## [What is being asked]
For the entries below, copy exactly the line that contains "A family preparing" through the line that contains "Elsker dit hjerte", both ends included, and exclude all pictures.

## [Source data]

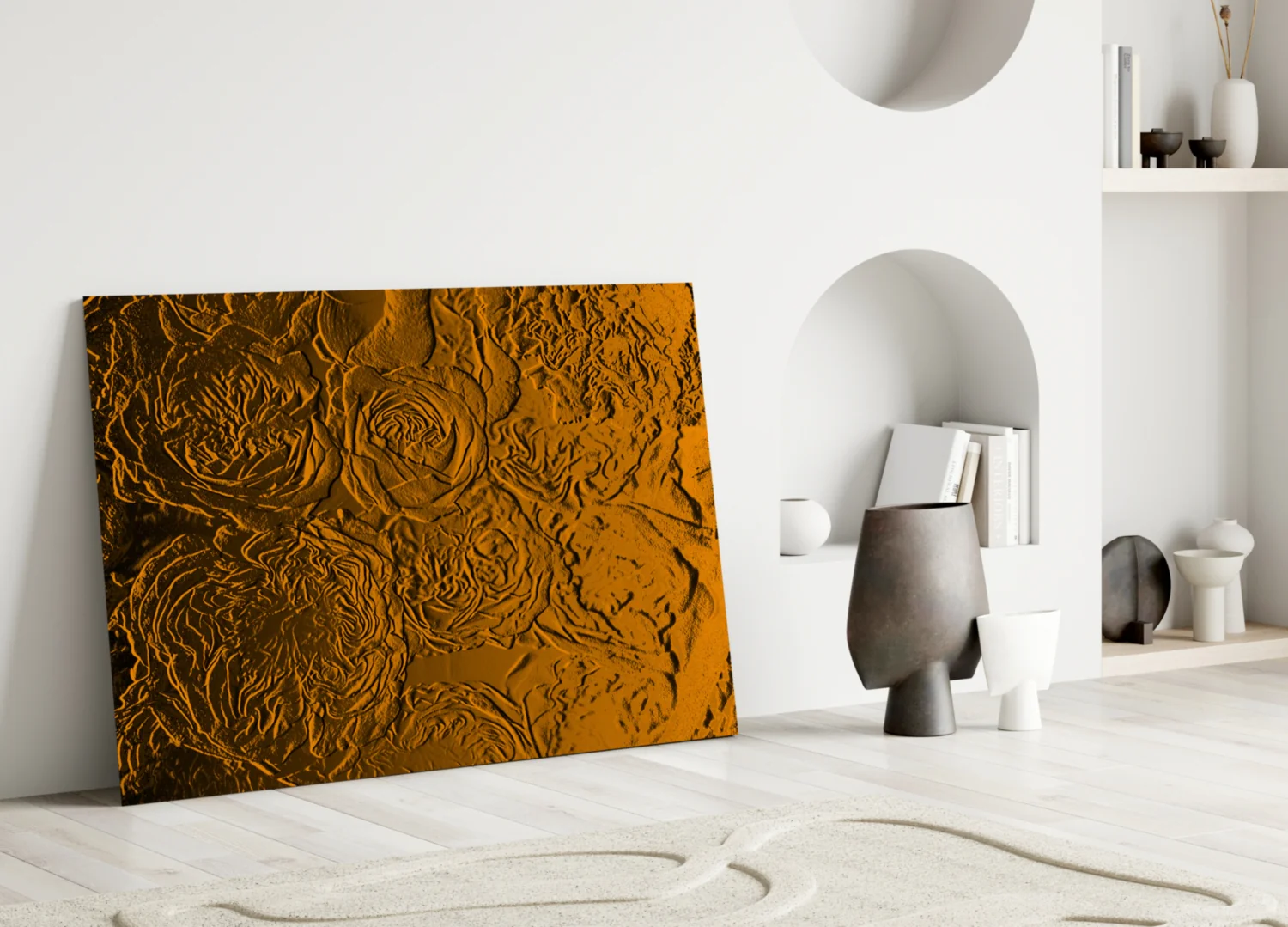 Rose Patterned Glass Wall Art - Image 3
==
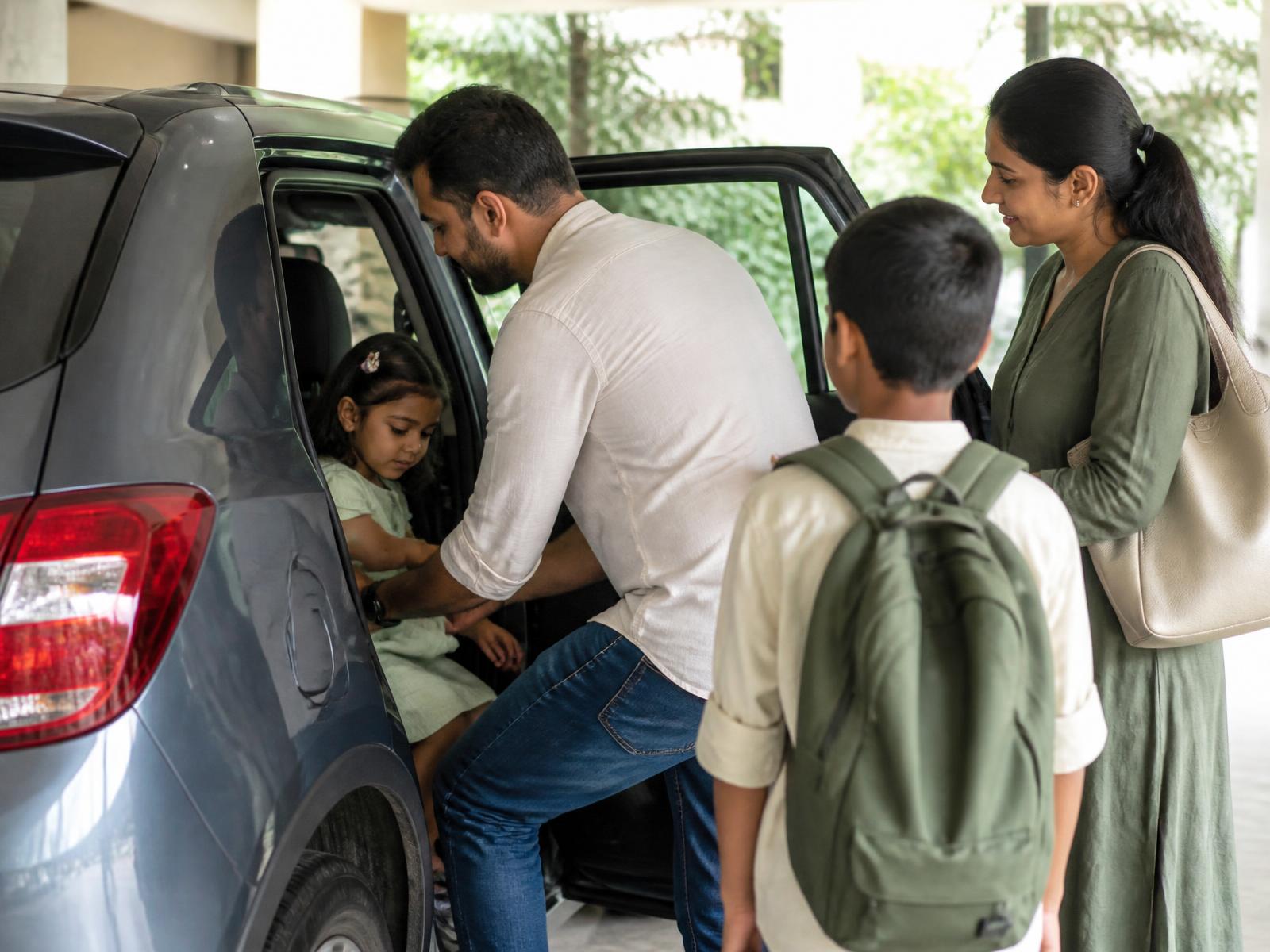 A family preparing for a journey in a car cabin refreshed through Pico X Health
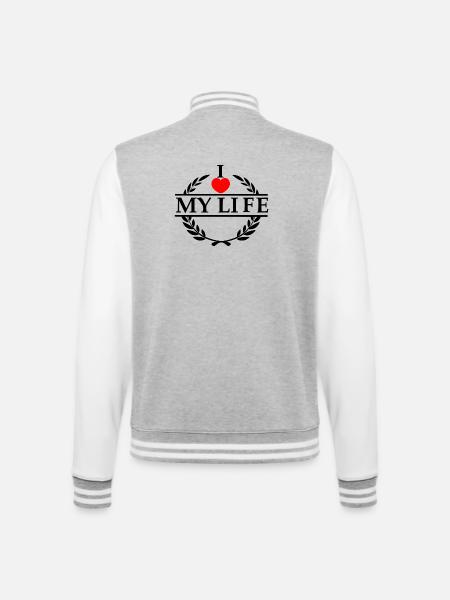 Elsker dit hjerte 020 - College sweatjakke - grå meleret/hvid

## [Output of the task]
 A family preparing for a journey in a car cabin refreshed through Pico X Health
 Elsker dit hjerte 020 - College sweatjakke - grå meleret/hvid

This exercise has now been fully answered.